I can see signs of life already: Trailers—filled with equipment, soon to be homes to actors, ground zero for the crew and caterers—line the periphery. Cranes sway in the gusts that blow through the mountain pass of the high desert, the wind whistling like a passing train.
A few years back, I was hired to do a commercial in Pioneertown for Desert Kia. My role was that of a rugged cowboy, and I was in a duel to the death with high auto prices. I, of course, came out victorious in the commercial but left feeling as if my long-suffering career had finally taken a shot to the heart.
I did my own makeup for the commercial. The “director” was the car dealer’s twenty-year-old daughter who used her cell phone because she said she wanted the commercial to feel “gritty and real” and not because the total budget for the shoot—including my salary and lunch of McNuggets for the “crew” of three—was less than five hundred dollars.
I move into the middle of the street to reenact the scene.
“Now,” I say to myself in a low, menacing growl, “it is time for you to die, high prices!”

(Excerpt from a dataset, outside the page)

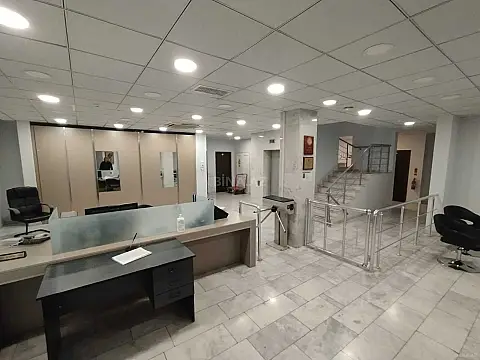 Kirayə verilir obyekt 1000 m² — Bakı 1000.00 m²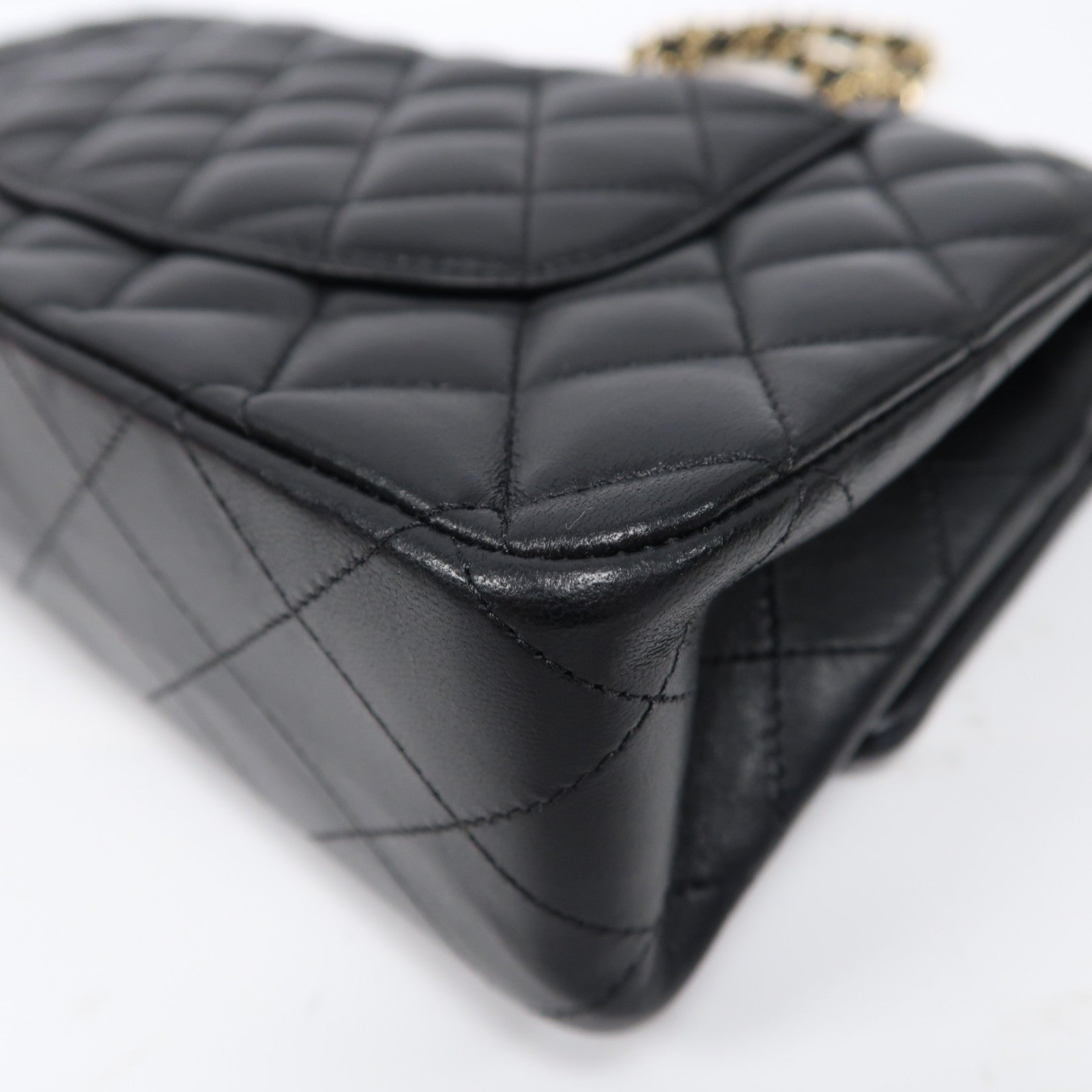 CHANEL 菱格羊皮皮革Classic Flap金扣鏈帶肩背袋黑色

I drag the toe of my shoe through the dirt to make a line, step on one side of it and take ten paces, counting off as I go:
“One, two, three...”
I spin, and when I yell, “Ten!” I turn.
The saloon doors swing open.
Kyle appears in tight jeans and an even tighter T-shirt. He lifts his right hand and makes a gun with his fingers.
“Bang!” he yells.
I act as if I have been shot. I stagger backward, dust billowing around my feet.
Kyle races toward me and grabs me before I collapse to the ground.
“I win,” he says. “Again.”
He takes me into his arms and leans me back as if I weigh little more than a feather. Kyle looks into my eyes.
“One final kiss before you die.”
Kyle’s dimples flash, and my legs grow weak. I suddenly feel like every female costar, every fan—gay or straight—who has dreamed Kyle Moses would be staring deep into their eyes, uttering those same words.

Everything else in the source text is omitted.